The doctor smiled and I felt reassured. Everything was going to be all right. They wouldn’t let him home otherwise, would they?

A nurse and I helped Allen to get dressed and walk down to the car. On the way back to the house, I drove slowly and cautiously. I did all the talking, telling him about Valerie’s funeral and the children and everything that had been happening, but I got no response at all. He closed his eyes and I couldn’t even tell if he was listening, so after a while I stopped and drove in silence.

As we pulled into our street, I said, ‘The kids are really excited about seeing you. They’re at Julie’s but I said I’d go and get them as soon as we arrived.’ Julie was my wonderful next-door neighbour who had four kids of her own but was always happy to look after my two as well. ‘Two more don’t make any difference at all,’ she’d laugh.

Allen turned to look at me and I couldn’t read the expression in his eyes but he didn’t seem enthusiastic about seeing the kids. Maybe he wasn’t feeling well enough.

‘Why don’t we go in and get settled first?’ I suggested, and he nodded. He’d hardly spoken throughout the journey, and when he did his speech was very slow and indistinct and he was often lost for the most basic words.

We pulled into the driveway and I walked into the house behind him, noticing that he had an odd, rolling gait. He picked his right foot up high and flopped it down then pulled the other one through. It reminded me of the way the actor John Thaw walked. He’d had polio as a child and would pick his foot up and put it down with a strange precision. As a nurse, I’d always noticed that about him.

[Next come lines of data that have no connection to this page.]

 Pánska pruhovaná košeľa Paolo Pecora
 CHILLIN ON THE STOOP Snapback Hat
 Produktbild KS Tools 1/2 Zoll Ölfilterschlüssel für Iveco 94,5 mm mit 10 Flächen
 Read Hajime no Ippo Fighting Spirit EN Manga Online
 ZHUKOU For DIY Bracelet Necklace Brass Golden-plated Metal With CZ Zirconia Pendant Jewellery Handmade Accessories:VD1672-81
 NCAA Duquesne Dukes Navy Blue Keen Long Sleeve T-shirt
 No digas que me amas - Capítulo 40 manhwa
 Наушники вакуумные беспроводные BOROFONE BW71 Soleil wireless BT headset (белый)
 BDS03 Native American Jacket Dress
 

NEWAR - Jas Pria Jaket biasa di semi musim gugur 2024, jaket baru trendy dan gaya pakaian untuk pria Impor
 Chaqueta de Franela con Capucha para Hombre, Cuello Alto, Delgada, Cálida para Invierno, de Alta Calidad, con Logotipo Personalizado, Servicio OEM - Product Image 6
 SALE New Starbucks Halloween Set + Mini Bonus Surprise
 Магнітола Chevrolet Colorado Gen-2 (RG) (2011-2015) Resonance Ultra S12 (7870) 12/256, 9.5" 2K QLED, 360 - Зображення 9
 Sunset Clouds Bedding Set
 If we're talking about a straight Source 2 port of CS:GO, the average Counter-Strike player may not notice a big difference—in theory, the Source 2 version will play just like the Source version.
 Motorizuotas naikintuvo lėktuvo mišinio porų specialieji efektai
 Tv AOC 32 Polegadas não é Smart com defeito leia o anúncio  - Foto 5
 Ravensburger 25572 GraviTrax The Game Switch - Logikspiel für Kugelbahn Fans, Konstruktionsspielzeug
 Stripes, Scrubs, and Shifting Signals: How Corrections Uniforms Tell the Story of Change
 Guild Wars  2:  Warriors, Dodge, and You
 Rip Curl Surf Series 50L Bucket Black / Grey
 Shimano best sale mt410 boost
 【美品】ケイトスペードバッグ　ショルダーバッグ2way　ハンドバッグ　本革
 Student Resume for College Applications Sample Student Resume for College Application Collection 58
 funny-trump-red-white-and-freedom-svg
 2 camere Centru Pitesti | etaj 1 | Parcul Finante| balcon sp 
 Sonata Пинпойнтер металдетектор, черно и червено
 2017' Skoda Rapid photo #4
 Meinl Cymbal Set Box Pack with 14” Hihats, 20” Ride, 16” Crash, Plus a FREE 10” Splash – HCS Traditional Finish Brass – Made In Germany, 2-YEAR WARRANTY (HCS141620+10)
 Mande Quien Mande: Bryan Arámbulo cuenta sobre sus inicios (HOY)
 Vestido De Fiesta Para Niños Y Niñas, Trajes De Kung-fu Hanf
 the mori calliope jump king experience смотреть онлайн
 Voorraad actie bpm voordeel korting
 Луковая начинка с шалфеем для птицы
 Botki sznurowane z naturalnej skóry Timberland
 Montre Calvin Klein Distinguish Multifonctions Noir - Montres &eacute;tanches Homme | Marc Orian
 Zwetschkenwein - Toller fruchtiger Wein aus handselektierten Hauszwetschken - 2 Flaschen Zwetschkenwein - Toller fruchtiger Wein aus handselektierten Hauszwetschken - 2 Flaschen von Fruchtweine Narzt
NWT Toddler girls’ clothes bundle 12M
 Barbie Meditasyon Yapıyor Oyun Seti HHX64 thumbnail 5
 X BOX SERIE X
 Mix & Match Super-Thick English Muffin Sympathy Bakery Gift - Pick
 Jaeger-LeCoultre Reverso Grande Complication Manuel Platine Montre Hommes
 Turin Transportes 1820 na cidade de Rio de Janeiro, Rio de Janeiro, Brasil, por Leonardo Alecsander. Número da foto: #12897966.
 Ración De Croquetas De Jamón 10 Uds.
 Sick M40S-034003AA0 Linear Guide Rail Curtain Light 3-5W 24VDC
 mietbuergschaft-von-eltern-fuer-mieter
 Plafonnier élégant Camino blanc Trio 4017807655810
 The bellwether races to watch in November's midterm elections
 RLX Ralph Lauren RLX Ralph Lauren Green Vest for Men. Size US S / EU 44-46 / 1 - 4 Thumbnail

Allen plonked himself down on the sofa and sat looking around him.

‘Do you want something to drink?’ I asked.

‘Yeah.’

‘Do you want tea or coffee?’

He screwed up his face, unable to think. ‘The stuff that comes in bags,’ he slurred.

Tea, then.

At that moment there was a burst of squealing and running feet and the children erupted into the house.

‘Daddy!’ they shrieked, over the moon to see him. Zoe leaped on to his knee and Liam snuggled on to the sofa beside him.

‘Get off me!’ he snapped loudly as he pushed Zoe away. The look of bewilderment on her little face was heartbreaking.

‘Kids, Daddy’s not feeling very well. Don’t climb all over him.’

‘I’ve got a new train, Daddy,’ Liam said excitedly. They used to play together with his Playmobil train set.

‘And I’ve started ballet,’ Zoe joined in, not wanting to be left out. ‘And I’ve got a new dolly as well.’

‘Go away!’ Allen snarled, putting his hands over his ears.

They were devastated. Whenever Allen had come back from postings in the past, he’d burst in the door bringing them presents, swinging them in the air and tickling them. They just didn’t have a clue what had happened.

‘Daddy’s got a bad headache,’ I said gently. ‘You know what it’s like when your head hurts. Just leave him in peace for a little while and maybe he’ll play later.’

I sent them over to Julie’s for the afternoon, just telling her briefly that Allen wasn’t very well. When I got back, he was examining two tubes of cream he’d been given on prescription. He had a nasty rash on his feet and another one on his groin and they’d given him a different cream for each rash, but he couldn’t remember which was which. There was nothing written on the boxes and he was very anxious about it.

‘Which cream is which?’ he mumbled. ‘I don’t know.’

The old Allen would have made a joke out of it. He’d have said, ‘I’ll start by putting them on my feet because if my feet fall off that will be fine, but I don’t want the other bits to fall off.’

But he was incapable of joking now.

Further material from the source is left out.